[ExI] Uploads are self

Jason Resch jasonresch at gmail.com
Mon Mar 23 11:36:01 UTC 2026


On Mon, Mar 23, 2026, 6:10 AM Ben Zaiboc via extropy-chat <
extropy-chat at lists.extropy.org> wrote:

> On 22/03/2026 18:25, Jason Resch wrote:
> >
> >     > Drawing unique personal boundaries around minds then becomes
> rather difficult.
> >
> >
> >
> >
> >     Ben Wrote:
> >     Nonsense. You're saying that rewiring someone's brain so as to turn
> them into someone else makes it difficult to distinguish between different
> minds?
> >
> >     This is a new and exciting brand of nonsense.
> >
> >
> >
> > But it follows from your earlier (strong) insistence that all 5 uploads,
> despite each ending up with very different final mind states, would all be
> you.
> >
> > Jason:
> >  >> Have you have become these 5 different people?
> > Ben:
> > >     Of course.
> > >     What other possibility is there?
> >
> > So I would ask you for a resolution, or at least an explanation, of this
> inconsistency, since above you deny the cases of survival in situations
> where ones mind has been modified to equal another.
>
>
> There's no inconsistency.
> The five me's will all remember their past as me. The overwritten me that
> becomes Bob, won't. That one will remember Bob's past, not mine.
>

Think of the conscious experience of riding a bike enjoying the sun on your
face and the wind in your ears, simply being in there moment.

How much of your life's past memories are you recalling during such a
conscious experience? If none, then what makes this experience any more
Bob's than it is Ben's?

If you forgot what you had for breakfast 217 days ago, does that mean it
was someone else (besides you) who consciously experienced eating every
bite of that breakfast? What has become of that person?
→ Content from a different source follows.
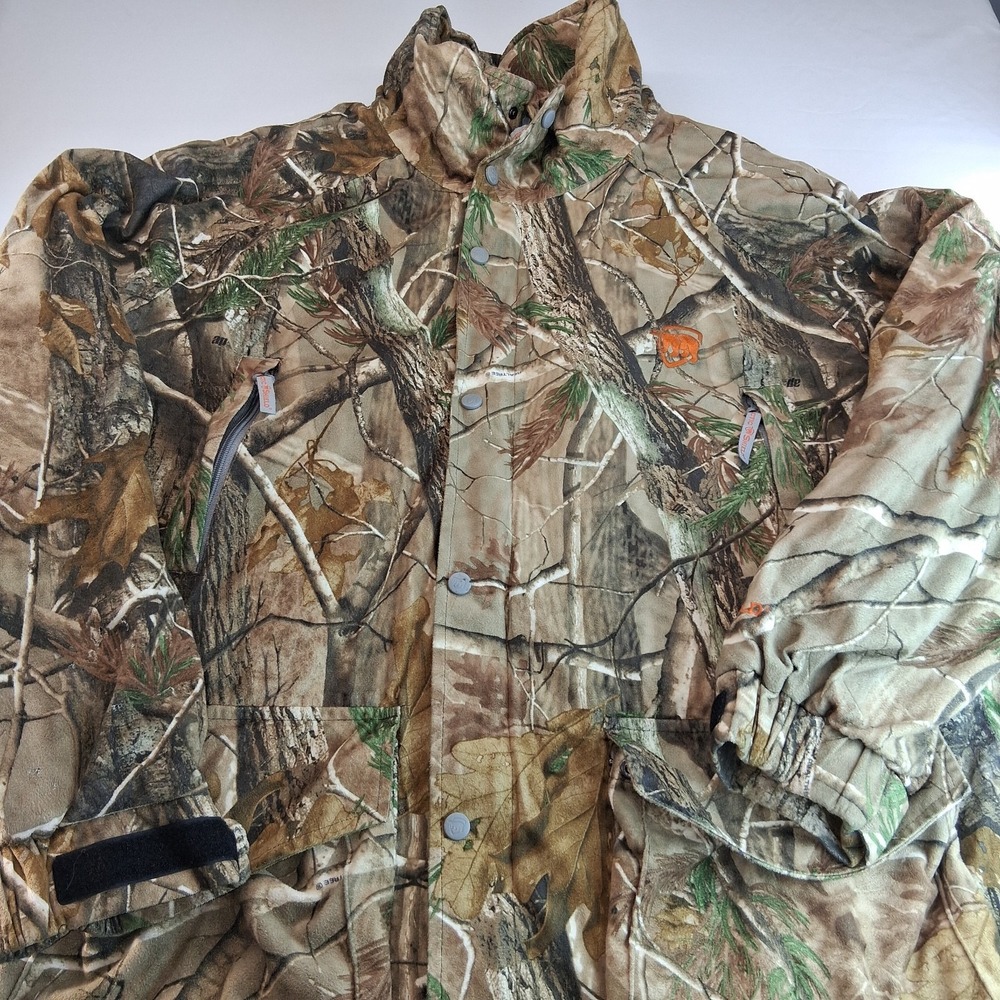 Onyx Arctic Shield CM1 Pro Series Hunting Realtree Camo Jacket Men's Size XL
Memories matter for giving a person context for their life, but they're
largely irrelevant when it comes to having a feeling of being alive and
conscious. You don't die or lose consciousness when there's a name you
can't remember.


> Tinkering with someone's brain to re-wire it so that it becomes a copy of
> someone else is effectively uploading that someone else over the top of the
> original brain, destroying its original pattern. In that case, the atoms
> remain (which is irrelevant), but the pattern is overwritten completely.
>

Which neural weight change results in your death: the first, the
5,647,822,953th, the last, or something else?


> >
> > To clarify (or muddy) the situation, consider that Bob could in
> principle be arbitrarily close to you. (E.g. an identical twin with the
> same upbringing and same education and hobbies/interests).
>
> Not possible.
> You can have 'arbitrarily close' in maths (and philosophy), but not in
> real people.


Across an infinitely large universe such arbitrarily close instances exist.

Across the multiverse of QM such arbitrarily close instances exist.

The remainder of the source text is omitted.